After lengthy dialogue between the attorneys for the Hampton petitioners and the city council, the citizens’ initiative petition is moving forward. That petition -- with formal standing under provisions of the city charter, and with the signatures of more than 2400 Hampton voters from last November  -- calls for revising and improving Hampton’s existing Fort Monroe ordinance.

The revised, improved ordinance would adopt a higher municipal vision instead of highlighting, for example, "industrial" development at Fort Monroe. (No kidding -- that word actually does appear in the present ordinance.) It would incorporate consideration of the site’s history, beauty and natural resources, just as state law requires.

The revised, improved ordinance calls for Hampton to seek
* a Grand Public Place encompassing all of Fort Monroe,
* prohibition of any sales of this precious land,
* a substantial national park unit, 
* Fort Monroe's economic self-sufficiency, and
* avoidance of any Fort Monroe tax burden for Hampton taxpayers.

(Read a slightly longer plain-language version of the proposed improvements to the city's Fort Monroe ordinance.)

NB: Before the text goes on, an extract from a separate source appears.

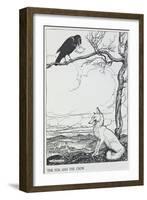 The Fox and the Crow, Illustration from 'Aesop's Fables', Published by Heinemann, 1912-Arthur Rackham-Framed Giclee Print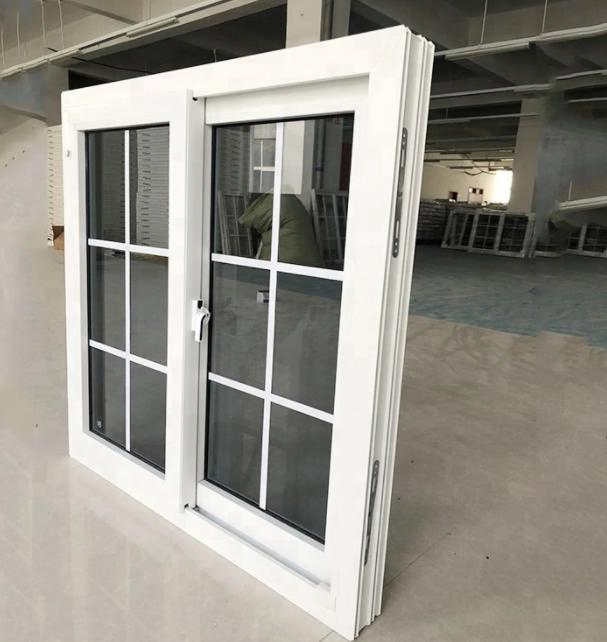 China Winstar Brand Double Glass Outward Open Woodgrain PVC Windows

Of course, the city of Hampton should not and cannot dictate the decision-making of the Fort Monroe Authority (formally, that's the "Fort Monroe Federal Area Development Authority," or FMFADA -- sometimes called the "fah-dah" for the last four letters of that abbreviation). But the city can and does attempt to influence that decision-making, including through the city council's seven appointees to the authority. (Moreover, two council members also sit at the Fort Monroe Authority table, with speaking privileges but not voting privileges.)

Those seven Hampton citizens -- the only private citizens on the panel -- serve at the pleasure of Hampton City Council. The revised and improved ordinance, if adopted by city council vote -- or by a vote of the people of Hampton, if the petition effort comes to that -- would adopt a municipal vision that respects both Hampton’s interests and the public will.

The overwhelming public response to the petition effort of the Hampton Committee of Petitioners constitutes a powerful demonstration that the vast majority of Hampton citizens -- like citizens elsewhere in the region, the state, and the nation -- want a grand public place with a national park unit at Fort Monroe.

Hampton citizen Sam Martin of Citizens for a Fort Monroe National Park chairs the effort, with several other CFMNP members from Hampton also officially involved. At CFMNP, we want to do all we can to help both them and Hampton work for the best for Fort Monroe.

Hampton has a unique stake in Fort Monroe's future. That stake must be respected. We support all true friends of Fort Monroe who are trying constructively to do precisely that -- by improving Hampton's official approach to this wonderful opportunity.